二人はシューちゃんを敵さんに向けるみたいな目で睨んでいて、なんだかこわい。シューちゃんはわるい人じゃないのに、二人ともひどいのよ。
ピリピリした空気だけれど、一度空気を読まずに二人にメッとお説教した方がいいかしら。なんてことを考えていると、ふと僕のおでこを忙しなく撫でていたマキちゃんが声を上げた。

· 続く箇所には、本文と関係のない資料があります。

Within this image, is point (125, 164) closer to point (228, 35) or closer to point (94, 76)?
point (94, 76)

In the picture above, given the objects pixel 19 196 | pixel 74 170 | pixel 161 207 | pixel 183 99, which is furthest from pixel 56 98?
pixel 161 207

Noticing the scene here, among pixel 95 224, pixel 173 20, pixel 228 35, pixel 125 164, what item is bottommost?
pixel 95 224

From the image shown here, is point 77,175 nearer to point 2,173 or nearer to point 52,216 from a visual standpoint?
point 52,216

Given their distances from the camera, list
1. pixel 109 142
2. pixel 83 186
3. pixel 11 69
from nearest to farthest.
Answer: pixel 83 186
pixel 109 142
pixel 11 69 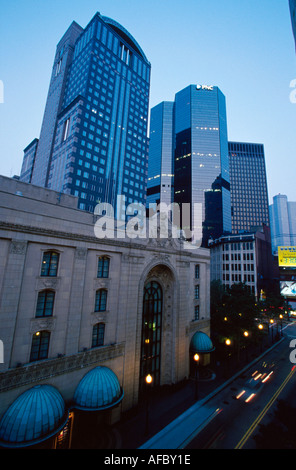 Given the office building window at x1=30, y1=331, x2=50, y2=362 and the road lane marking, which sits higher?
the office building window at x1=30, y1=331, x2=50, y2=362

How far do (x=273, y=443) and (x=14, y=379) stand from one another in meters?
19.5

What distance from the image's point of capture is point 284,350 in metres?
38.1

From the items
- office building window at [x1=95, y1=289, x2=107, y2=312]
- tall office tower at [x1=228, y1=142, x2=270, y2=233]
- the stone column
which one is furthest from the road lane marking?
tall office tower at [x1=228, y1=142, x2=270, y2=233]

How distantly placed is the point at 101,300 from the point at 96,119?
8208 centimetres

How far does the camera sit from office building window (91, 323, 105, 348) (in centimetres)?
1800

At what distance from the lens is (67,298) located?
16.3 m

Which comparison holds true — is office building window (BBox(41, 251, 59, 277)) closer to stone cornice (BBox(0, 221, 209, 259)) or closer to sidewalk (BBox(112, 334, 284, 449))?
stone cornice (BBox(0, 221, 209, 259))

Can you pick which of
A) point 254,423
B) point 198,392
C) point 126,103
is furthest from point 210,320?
point 126,103

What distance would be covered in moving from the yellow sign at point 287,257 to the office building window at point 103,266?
2627 inches

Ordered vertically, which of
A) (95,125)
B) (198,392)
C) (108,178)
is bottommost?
(198,392)

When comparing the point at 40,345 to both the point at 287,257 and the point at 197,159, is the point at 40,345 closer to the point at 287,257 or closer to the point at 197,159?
the point at 287,257

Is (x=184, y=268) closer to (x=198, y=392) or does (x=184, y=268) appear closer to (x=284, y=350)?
(x=198, y=392)

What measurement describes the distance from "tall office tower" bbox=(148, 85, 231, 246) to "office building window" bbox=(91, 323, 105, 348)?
4644 inches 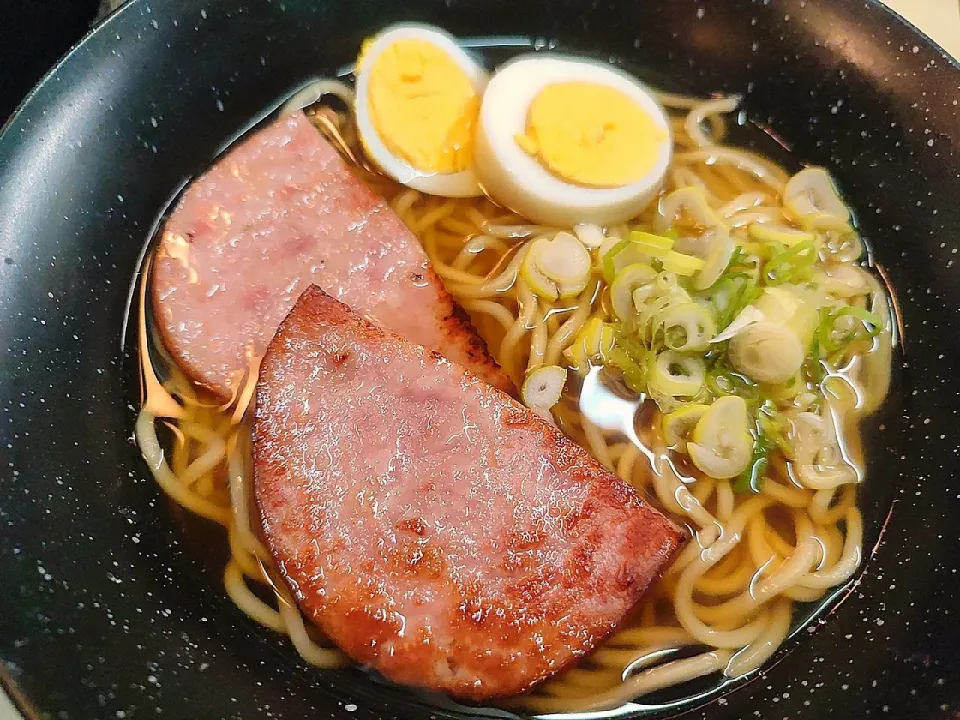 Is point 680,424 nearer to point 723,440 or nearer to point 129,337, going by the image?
point 723,440

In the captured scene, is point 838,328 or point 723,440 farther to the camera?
point 838,328

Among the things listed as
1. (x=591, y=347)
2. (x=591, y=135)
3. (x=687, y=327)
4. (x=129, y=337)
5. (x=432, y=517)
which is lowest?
(x=129, y=337)

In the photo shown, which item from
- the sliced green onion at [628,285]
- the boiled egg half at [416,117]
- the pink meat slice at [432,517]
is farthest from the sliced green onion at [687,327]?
the boiled egg half at [416,117]

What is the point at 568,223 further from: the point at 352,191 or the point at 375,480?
the point at 375,480

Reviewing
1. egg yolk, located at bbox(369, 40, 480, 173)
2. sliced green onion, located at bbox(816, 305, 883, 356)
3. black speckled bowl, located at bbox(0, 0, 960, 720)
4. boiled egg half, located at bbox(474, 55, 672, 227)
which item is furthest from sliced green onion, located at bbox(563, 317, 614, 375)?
black speckled bowl, located at bbox(0, 0, 960, 720)

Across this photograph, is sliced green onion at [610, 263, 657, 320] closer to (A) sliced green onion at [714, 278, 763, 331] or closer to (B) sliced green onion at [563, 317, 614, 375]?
(B) sliced green onion at [563, 317, 614, 375]

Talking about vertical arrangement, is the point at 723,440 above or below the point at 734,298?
below

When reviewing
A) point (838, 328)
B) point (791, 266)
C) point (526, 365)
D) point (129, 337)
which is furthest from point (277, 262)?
point (838, 328) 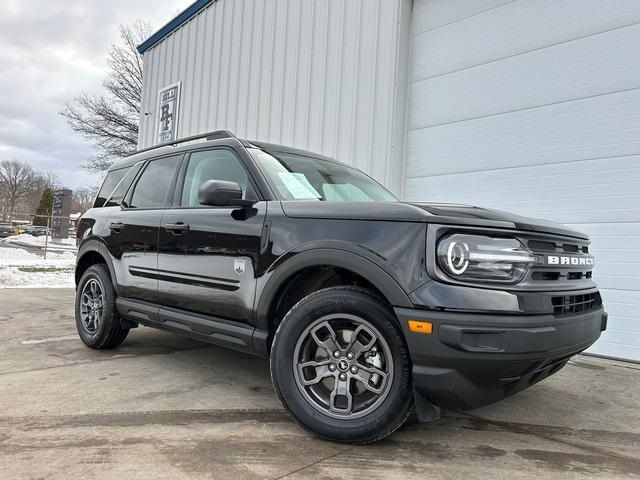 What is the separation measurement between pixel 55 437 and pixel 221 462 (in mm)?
964

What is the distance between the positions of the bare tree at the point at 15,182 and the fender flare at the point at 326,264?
241 feet

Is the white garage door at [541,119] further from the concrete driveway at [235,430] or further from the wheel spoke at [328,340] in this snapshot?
the wheel spoke at [328,340]

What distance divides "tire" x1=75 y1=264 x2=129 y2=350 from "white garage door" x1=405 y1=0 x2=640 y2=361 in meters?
4.30

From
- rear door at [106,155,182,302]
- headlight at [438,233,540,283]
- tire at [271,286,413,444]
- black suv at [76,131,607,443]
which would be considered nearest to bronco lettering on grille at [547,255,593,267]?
black suv at [76,131,607,443]

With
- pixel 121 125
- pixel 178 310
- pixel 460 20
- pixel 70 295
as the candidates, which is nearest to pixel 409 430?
pixel 178 310

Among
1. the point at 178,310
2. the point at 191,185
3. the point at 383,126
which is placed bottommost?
the point at 178,310

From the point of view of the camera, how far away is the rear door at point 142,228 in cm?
374

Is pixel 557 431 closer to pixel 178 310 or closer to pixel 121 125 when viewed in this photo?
pixel 178 310

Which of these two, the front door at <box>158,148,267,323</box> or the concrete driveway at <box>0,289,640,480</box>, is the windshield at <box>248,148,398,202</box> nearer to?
the front door at <box>158,148,267,323</box>

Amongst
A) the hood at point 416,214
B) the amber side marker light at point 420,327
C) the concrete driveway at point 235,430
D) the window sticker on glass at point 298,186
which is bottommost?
the concrete driveway at point 235,430

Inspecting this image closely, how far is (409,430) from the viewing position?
2740mm

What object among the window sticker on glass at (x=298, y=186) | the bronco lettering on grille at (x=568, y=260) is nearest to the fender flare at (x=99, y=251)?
the window sticker on glass at (x=298, y=186)

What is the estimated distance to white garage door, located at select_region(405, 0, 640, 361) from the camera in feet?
16.4

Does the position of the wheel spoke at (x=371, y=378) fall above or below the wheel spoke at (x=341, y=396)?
above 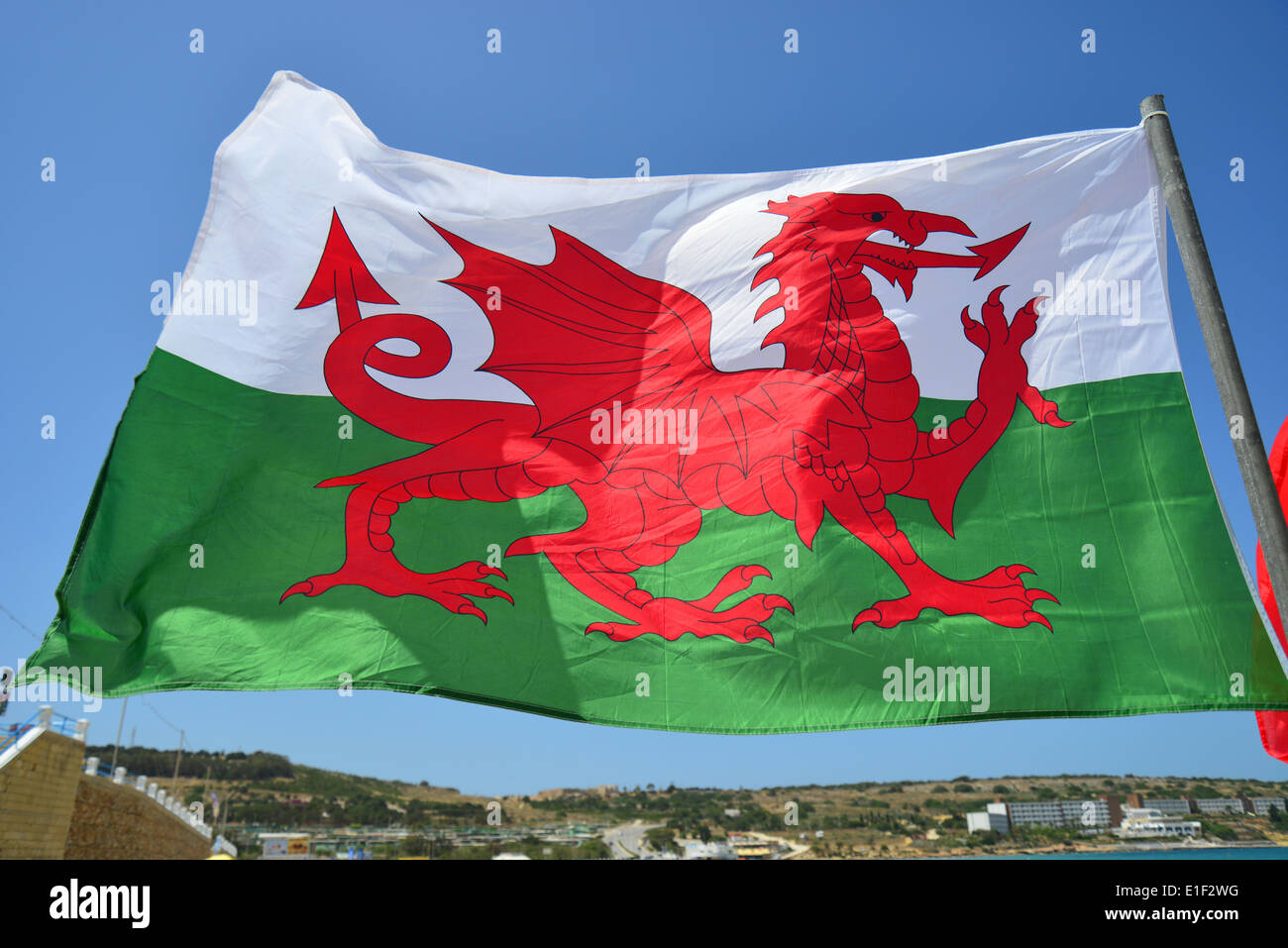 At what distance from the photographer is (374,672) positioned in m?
4.39

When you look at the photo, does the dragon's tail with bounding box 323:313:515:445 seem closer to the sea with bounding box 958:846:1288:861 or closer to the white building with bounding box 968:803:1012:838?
the sea with bounding box 958:846:1288:861

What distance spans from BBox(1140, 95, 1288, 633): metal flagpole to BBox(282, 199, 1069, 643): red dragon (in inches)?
40.5

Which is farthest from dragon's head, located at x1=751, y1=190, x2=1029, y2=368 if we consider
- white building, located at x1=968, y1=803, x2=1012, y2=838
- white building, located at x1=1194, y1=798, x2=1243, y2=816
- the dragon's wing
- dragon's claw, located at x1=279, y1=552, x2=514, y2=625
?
white building, located at x1=968, y1=803, x2=1012, y2=838

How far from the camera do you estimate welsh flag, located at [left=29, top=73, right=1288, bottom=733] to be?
4.37 m

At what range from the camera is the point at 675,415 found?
206 inches

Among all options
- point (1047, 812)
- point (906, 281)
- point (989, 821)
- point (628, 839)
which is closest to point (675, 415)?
point (906, 281)

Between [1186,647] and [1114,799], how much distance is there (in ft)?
295

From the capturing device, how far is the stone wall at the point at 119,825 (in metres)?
19.6

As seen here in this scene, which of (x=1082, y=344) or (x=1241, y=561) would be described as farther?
(x=1082, y=344)

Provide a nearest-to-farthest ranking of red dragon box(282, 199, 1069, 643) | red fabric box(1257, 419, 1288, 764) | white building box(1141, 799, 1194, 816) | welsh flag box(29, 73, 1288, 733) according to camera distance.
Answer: welsh flag box(29, 73, 1288, 733) < red fabric box(1257, 419, 1288, 764) < red dragon box(282, 199, 1069, 643) < white building box(1141, 799, 1194, 816)

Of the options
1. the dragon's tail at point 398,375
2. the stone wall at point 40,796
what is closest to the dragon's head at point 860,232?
the dragon's tail at point 398,375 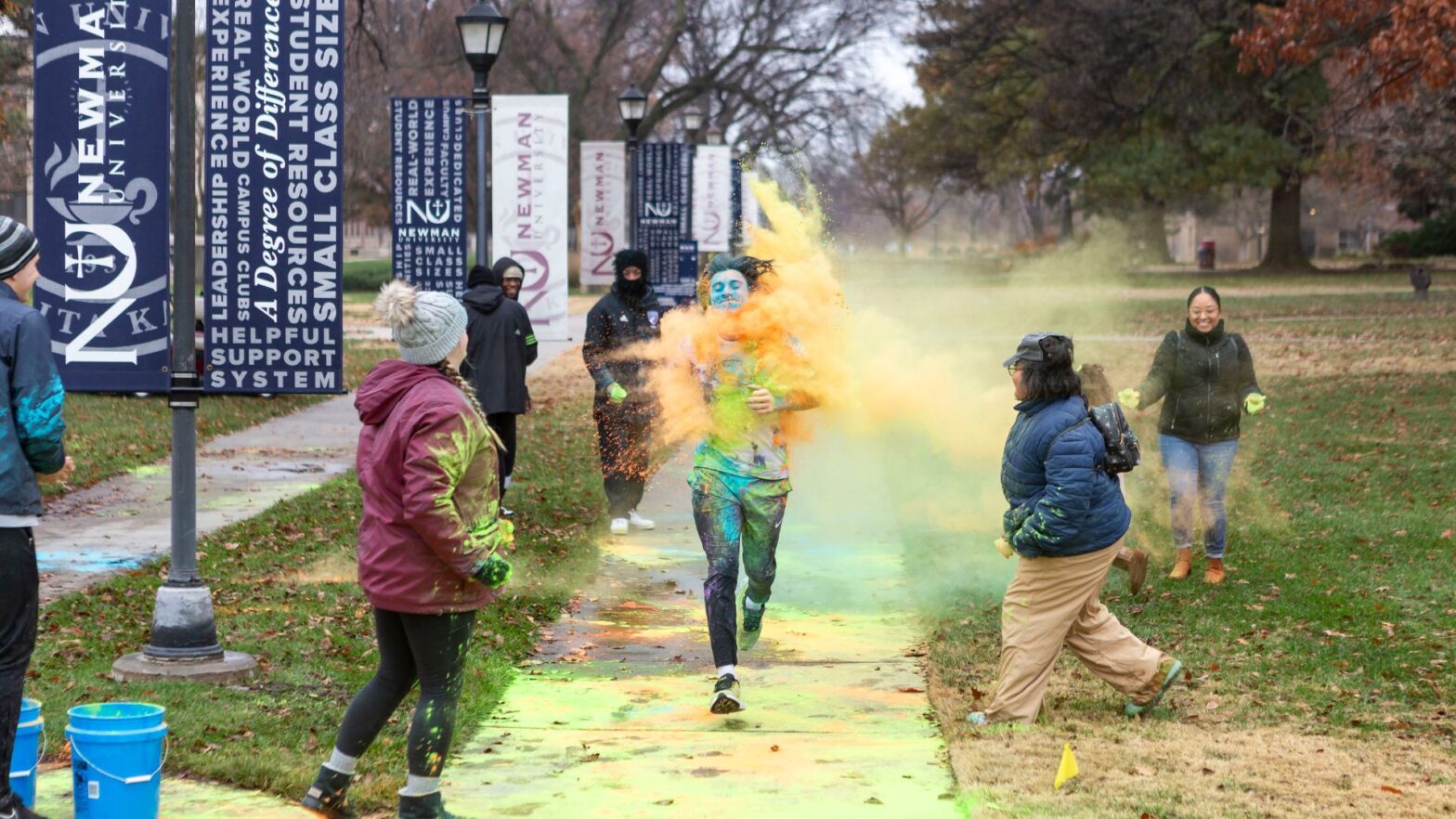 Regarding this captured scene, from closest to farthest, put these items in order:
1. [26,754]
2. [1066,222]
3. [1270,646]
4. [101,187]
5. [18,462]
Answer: [18,462] → [26,754] → [101,187] → [1270,646] → [1066,222]

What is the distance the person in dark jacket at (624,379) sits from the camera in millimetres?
11789

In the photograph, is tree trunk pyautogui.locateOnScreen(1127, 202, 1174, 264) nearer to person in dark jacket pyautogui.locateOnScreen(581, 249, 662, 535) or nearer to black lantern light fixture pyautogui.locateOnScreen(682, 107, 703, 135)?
black lantern light fixture pyautogui.locateOnScreen(682, 107, 703, 135)

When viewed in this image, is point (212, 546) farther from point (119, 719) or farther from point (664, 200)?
point (664, 200)

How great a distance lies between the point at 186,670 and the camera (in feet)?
24.3

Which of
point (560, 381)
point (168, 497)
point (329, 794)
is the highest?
point (329, 794)

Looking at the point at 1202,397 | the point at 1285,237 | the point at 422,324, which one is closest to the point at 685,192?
the point at 1202,397

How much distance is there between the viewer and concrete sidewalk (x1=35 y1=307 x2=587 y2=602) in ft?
35.1

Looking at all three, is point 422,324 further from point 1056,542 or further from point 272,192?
point 272,192

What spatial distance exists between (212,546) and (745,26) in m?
44.1

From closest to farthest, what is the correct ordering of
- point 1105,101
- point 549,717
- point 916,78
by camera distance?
point 549,717, point 1105,101, point 916,78

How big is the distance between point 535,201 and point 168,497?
537 centimetres

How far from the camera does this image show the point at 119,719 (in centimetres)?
521

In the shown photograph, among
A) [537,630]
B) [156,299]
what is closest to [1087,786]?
[537,630]

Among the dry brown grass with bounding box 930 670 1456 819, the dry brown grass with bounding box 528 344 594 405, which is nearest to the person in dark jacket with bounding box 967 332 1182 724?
the dry brown grass with bounding box 930 670 1456 819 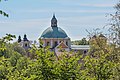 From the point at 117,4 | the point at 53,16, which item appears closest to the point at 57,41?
the point at 53,16

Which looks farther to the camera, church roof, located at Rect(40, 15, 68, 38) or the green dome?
church roof, located at Rect(40, 15, 68, 38)

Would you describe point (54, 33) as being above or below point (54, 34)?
above

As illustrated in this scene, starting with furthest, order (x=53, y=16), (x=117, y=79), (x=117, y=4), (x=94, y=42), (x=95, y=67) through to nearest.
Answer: (x=53, y=16)
(x=94, y=42)
(x=117, y=4)
(x=117, y=79)
(x=95, y=67)

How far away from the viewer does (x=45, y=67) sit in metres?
10.1

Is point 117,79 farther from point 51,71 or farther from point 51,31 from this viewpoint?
point 51,31

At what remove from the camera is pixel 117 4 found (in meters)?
20.2

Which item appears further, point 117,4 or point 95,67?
point 117,4

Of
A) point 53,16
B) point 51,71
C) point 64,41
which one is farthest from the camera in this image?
point 53,16

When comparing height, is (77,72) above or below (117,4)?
below

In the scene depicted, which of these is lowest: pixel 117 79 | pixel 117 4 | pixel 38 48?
pixel 117 79

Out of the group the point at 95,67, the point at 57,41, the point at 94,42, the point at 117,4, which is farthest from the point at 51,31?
the point at 95,67

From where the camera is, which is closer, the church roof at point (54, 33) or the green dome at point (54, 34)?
the green dome at point (54, 34)

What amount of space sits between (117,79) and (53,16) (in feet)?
234

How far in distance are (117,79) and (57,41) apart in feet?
214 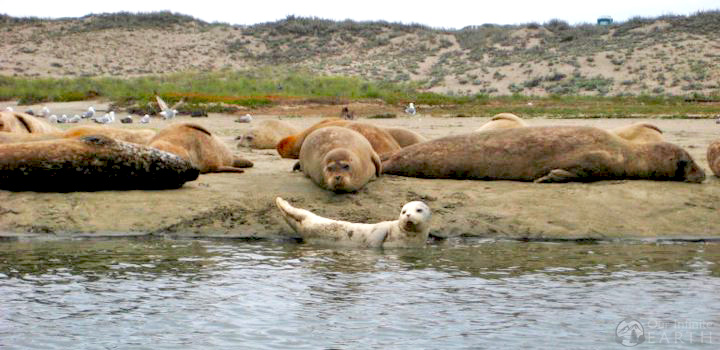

「おい、何故ヒナタの身体がここまで熱いのか説明しろ。まさか貴様、発熱したヒナタを襲ったのか?聖職者の風上にも置けない、幼児趣味の変態野郎が」

「幼児趣味の変態に関しては貴方にだけは言われたくない言葉ですね。というか襲ってませんよ、勘違いしないでくださいと言ったでしょう」


どうしてかマキちゃんとシューちゃんが言い争いを始めてしまったけれど、それを仲裁する気力もなくマキちゃんにぎゅうっと抱きついた。
マキちゃんの手のひらが冷たいことに気が付いて、両手でむんっと掴み上げてほっぺに押し付ける。
ひんやりが消えないうちにおでこや首にも押しつけて、保冷剤代わりに冷たい手のひらを堪能した。
むん……マキちゃんのおててだいすきなのよ。冷たくて気持ちいいのよ。


「……どうやら呑気に長話してる場合じゃなさそうだな。さっさと状況を説明しろよ変態聖騎士」

「その呼び方やめてください。まぁ、確かに余裕はないので早々に話を終わらせましょうか」


僕がマキちゃんの手でひんやりを堪能している中、その様子をじっと眺めていたらしいお兄さんがふと呟いた。
その言葉にシューちゃんも頷いて、三人のお話が淡々と始まる。ここからはついていけなさそうだから、大人しくひんやり遊びを続けていた方がよさそうねぇ。

マキちゃんの手で熱い肌をぺたぺた冷やしたり、頭を撫でるお兄さんの手を眠たげに堪能したり。
こっくり頭を揺らす僕の傍らで、三人はどんどん話を進めていった。


「つまり何だ。ヒナタは幼子ではなく本当は十五歳の青年で、本来の姿を取り戻す為に聖水を飲んだと」

「そんでもって今は副作用のせいで媚薬効果が出てるってか?とんだ欠陥儀式じゃねぇか」


シューちゃんのかくかくしかじかな説明を聞いた二人が冷静な口調で反応を返す。
それにしても本当に冷静ね。僕がほんとはちっちゃい子じゃないって、はじめて知ったらびっくり仰天してひっくり返っちゃうかもって心配していたけれど。ぜんぜん驚いていないみたい。
いや、びっくりはしているのかも。でも今はそれより話を進めるのが優先みたいで、二人ともあんまり大きな反応をしないようにしているみたいだった。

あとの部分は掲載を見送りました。